The Tiny Wife - Andrew Kaufmann: A short, odd novel about a man’s wife shrinking. It was ok.

A Week at the Airport - Alain De Botton: I bloody loved this; a quick, light yet insightful meander around Heathrow airport by the people’s philosopher (yeah right). As someone who wanders through the bright concourses of Heathrow every so often I enjoyed learning a bit more about the people that keep the big ol’ place humming.

A Visit from the Goon Squad - Jennifer Egan: Thought this was a bit overrated but enjoyable. Never a huge fan of 'linking stories' that fuse different characters together, either subtly or obviously, but it was easy to read and better than most stabs at this type of fiction I’ve read.

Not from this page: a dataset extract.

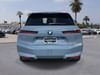 6 thumbnail image of  2026 BMW iX xDrive60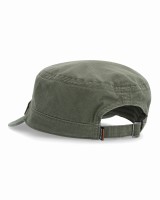 Simms Cadet Cap, kolor: 309 - Olive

The Reluctant Fundamentalist - Moshin Hamed: Enjoyed this a lot; a terse, tight novel about the growing disillusionment of a high-flying western financial expert from India who turns his back on it all for, maybe, more nefarious activities.

Jupiter’s Travels - Ted Simon: Around the world on a motorcycle is always a good premise for a book and Ted Simon’s account is excellent as he makes his way here and there across Africa, South America, North America and onto Asia and so forth. The people he meets make the book, as well as some of his excellent descriptions. He repeated the trip again later in life, although I’ve yet to read that. I may, though.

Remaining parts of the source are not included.